Ultra-marathon champion Jim Walmsley, course record holder at the prestigious Western States 100, lives and trains in Flagstaff.
And the city’s running reputation is also heightened by the success of Northern Arizona’s track and cross country programs.
The Lumberjacks’ cross-country program is regarded as one of the best in the nation, with NAU’s men’s team winning three out of the past four NCAA championships. The Lumberjacks have been ranked No. 1 in the past 32 weeks of the NCAA Division 1 Coaches Poll, according to ustfccca.org.
Flagstaff is also desirable because it provides great day trips to Sedona and the Grand Canyon, where even more trails await.
“It’s really amazing just to be out here in such natural beauty, to be able to wake up and see the mountains and on the weekends to be able to go out and do things like the Grand Canyon or see a meteor crater,” said Ashley Heidenrich, a member of the Johns Hopkins cross country team who hails from Aurora, Illinois. “So I think it’s just, all-around, a really great place to live and train, and I’m really happy here.”
Situated below the San Francisco Peaks, Flagstaff is in a beautiful setting with trails that take runners to scenic outlooks or along challenging forest routes. The trailheads near Lake Mary just south of Flagstaff are particular favorites for local runners.
“The prettiest trail we’ve been to, we went up to Aspen Corner and did a run up there,” Heidenrich said. “It was really beautiful with all the aspen leaves being yellow, and probably the prettiest run I’ve done in my life. But it was at 9,000 feet, so it was definitely really hard.”

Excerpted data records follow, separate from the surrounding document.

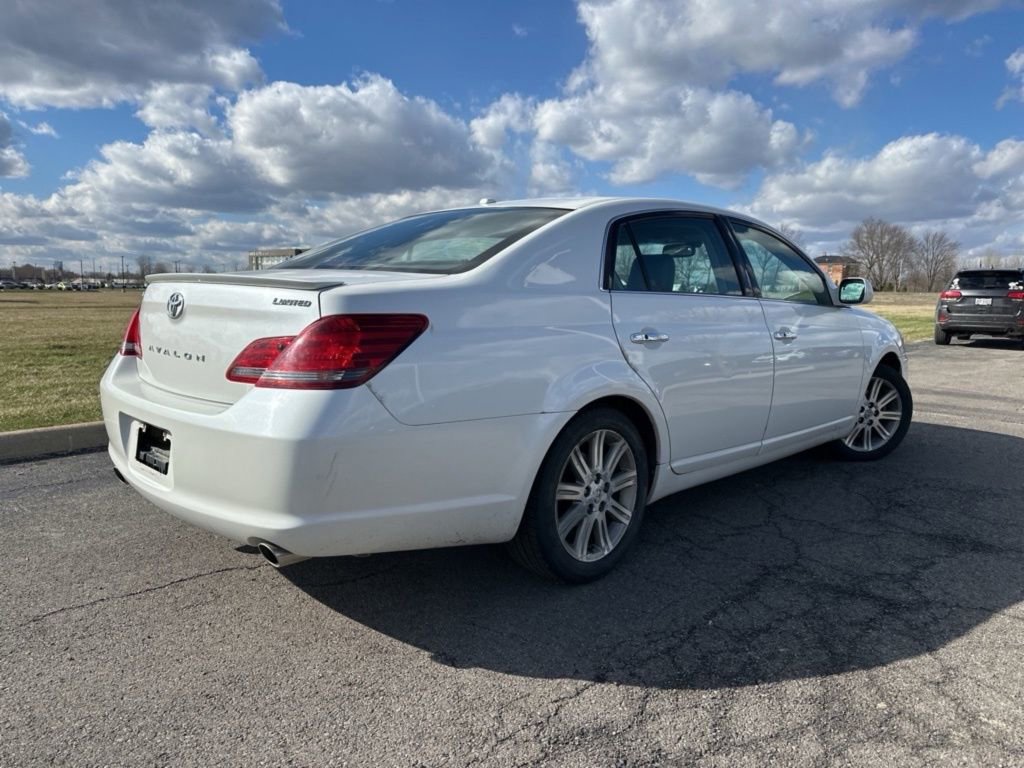 Used 2009 Toyota Avalon Limited image 11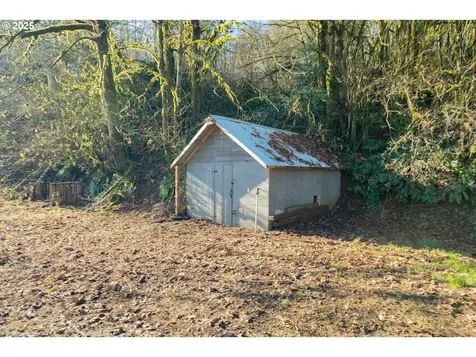 355 Slide Creek Road Longview WA 98632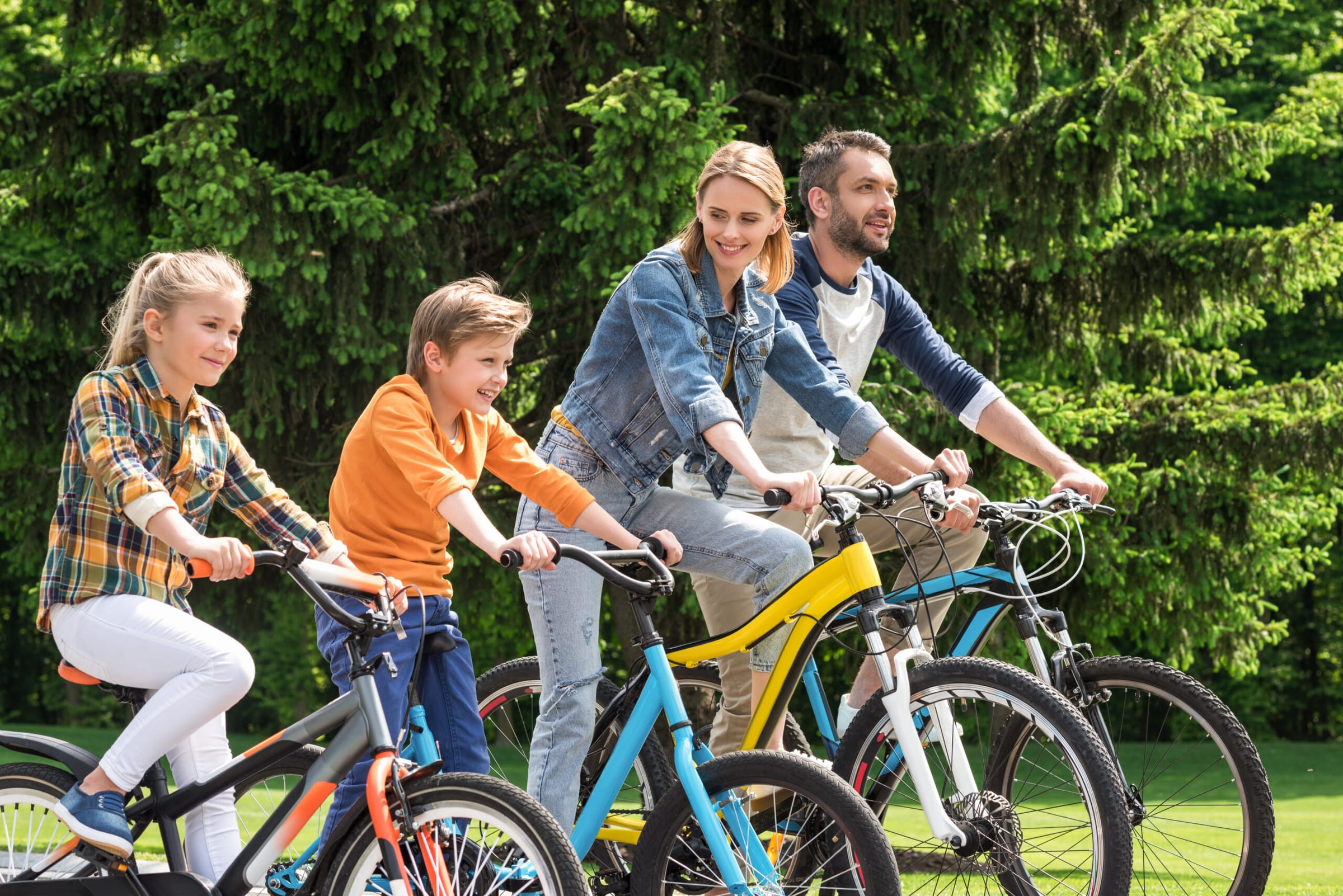Familie auf einer Radtour durch Burg im Spreewald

As of now, Johns Hopkins is planning to return to in-person classes in the spring, and while no decisions have been made about spring track and field competition, after intense training in Northern Arizona for several months, the JHU runners expect to be ready.
“Flagstaff certainly has a lofty reputation as a running town, and we were not disappointed by the many incredible places to run and workout,” Anderson said.
Though the pandemic crushed their plans of competing this year, spending a semester in Flagstaff has been the next best thing.
“It has far exceeded expectations,” Teeter said. “We’ve had access to any and every type of run we could want – hilly or flat, dirt, mountains, track surface (all) within 10-15 minutes of our house. Even the weather is perfect. It really is the best place to be if you’re a runner. We’ve all really, really enjoyed it.”